Rashomon Literary Elements


Short Story

Setting and Context

Heian, Early Christian, and Meiji periods; Japan

Narrator and Point of View

"In a Grove" - many narrators: all testimonial, but not all delivered to the High Police Commissioner (in order: Woodcutter, Traveling Buddhist Priest, Homen (policeman), Old Woman (Masago's mother), Tajomaru, A Woman (Masago), and Murdered Man (Takehiko)).

"Rashōmon" - Third-Person Limited

"Yam Gruel" - Akutagawa; then, Third-Person Limited

"The Martyr" - Third-Person Objective

"Kesa and Morito" - two narrators: Morito, Kesa, (both First-Person)

"The Dragon" - two narrators: Third-Person Limited, old potter (acting as Third-Person Limited)

Tone and Mood

"In a Grove" - matter-of-fact, sympathetic, angry, sorrowful, matter-of-fact, hysterical, and sympathetic

"Rashōmon" - detached and grave

"Yam Gruel" - sardonic and pessimistic

"The Martyr" - archaic and elevated

"Kesa and Morito" - devastated and impassioned

"The Dragon" - caustic and bewildered

Protagonist and Antagonist

"In a Grove": Tajomaru v. Masago. "Rashōmon": a servant v. an old woman. "Yam Gruel": Goi v. society. "The Martyr": Lorenzo v. society. "Kesa and Morito: Morito/Kesa v. self. "The Dragon": Hanazō v. self.

Major Conflict

"In a Grove" - how was Takehiko murdered?

"Rashōmon" - will the servant choose death or thievery?

"Yam Gruel" - will Goi get his fill of yam gruel after all?

"The Martyr" - will the congregation realize their sin against Lorenzo?

"Kesa and Morito" - will Morito or Kesa overcome their personal inhibitions to live happy lives?

"The Dragon" - will Hanazō's prank deliver the respect he wants from his peers?


"In a Grove" - Takehiko says he killed himself

"Rashōmon" - the servant strips the old woman's clothing from her

"Yam Gruel" - Goi sneezes into the silver pitcher of yam gruel

"The Martyr" - Lorenzo tosses the baby safely to its mother only to be crushed by a burning pillar, which reveals her female body

"Kesa and Morito" - Kesa blows out the light, having decided to kill herself

"The Dragon" - a dragon ascends from the pond


"In a Grove" - there are no true events, so all presentation of evidence foreshadows its eventual refutation

"Rashōmon" - the servant contemplates becoming a thief

"Yam Gruel" - "His face gave the impression that ever since birth he had had his cold-looking red nose" (loc. 326)

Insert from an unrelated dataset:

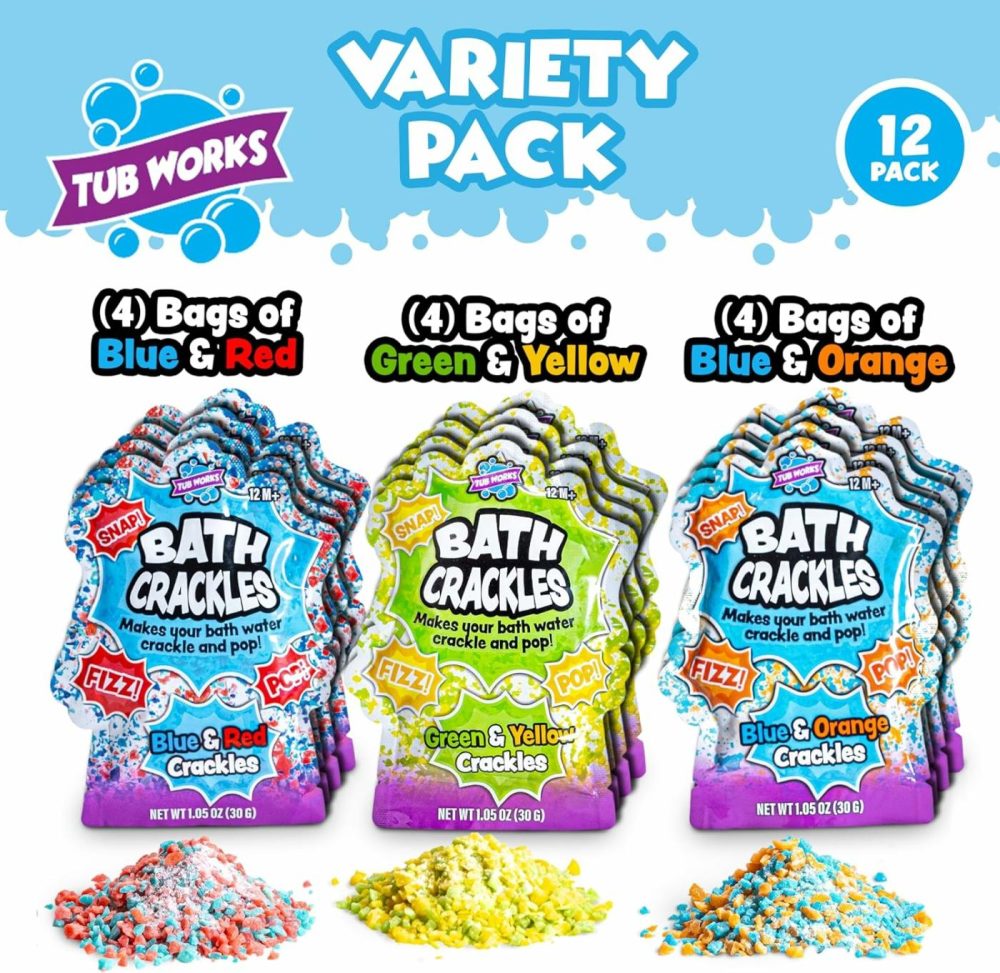 Bath Crackles Bath Toy  Variety 12 Pack | Nontoxic & Fragrance-Free | Makes Bath Water Crackle & Pop For A Unique Kids Bath | Swirl Water For Fizzy Fun | Sensory Kids & Toddler Bath Toys  |  Bath Toys All Toys Bath Toys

"The Martyr" - "the perfection and purity of [Lorenzo's] face and form, and sweet feminine voice made him the darling of everyone" (loc. 582)

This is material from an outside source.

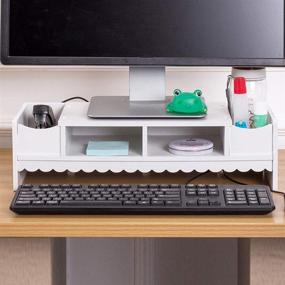 img 3 attached to 🖥️ STOBOK Monitor Stand with Drawer: Streamline Your Workspace with this White Wooden Laptop PC Monitor Riser Rack & Desk Organizer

"Kesa and Morito" - "I shudder to think that tonight will destroy my present self and turn me into a wretched murderer" (loc. 733)

"The Dragon" - "It would have been more certain if he had said that no dragon would ascend to heaven" (loc. 858)




Allusions include those to William Butler Yeats, Anatole France, Samuel Butler, numerous tales from Konjaku Monogatarishū, and the Christian Bible


See ClassicNote section on Imagery.


"In a Grove" - see ClassicNote section about "The Rashōmon Effect"

"Rashōmon" - the old woman's justification for stealing works against her when the servant steals from her

"Yam Gruel" - Goi gets what he wants and yet cannot be satiated, he ruins it instead

"The Martyr" - the person the congregation had though impregnated the umbrella-maker's daughter is female

"Kesa and Morito" - neither character loves the other, yet because of personal and societal expectations they follow through with the killing

"The Dragon" - the notice board posts a lie, and yet a dragon ascends from the pond


The parallels between the different stories are more thematic than structural, but each of the stories deals with at least one main character at the very lowest strata of society who meets a bitter end. Indeed, Akutagawa proves himself a pessimist with such strong parallels as these.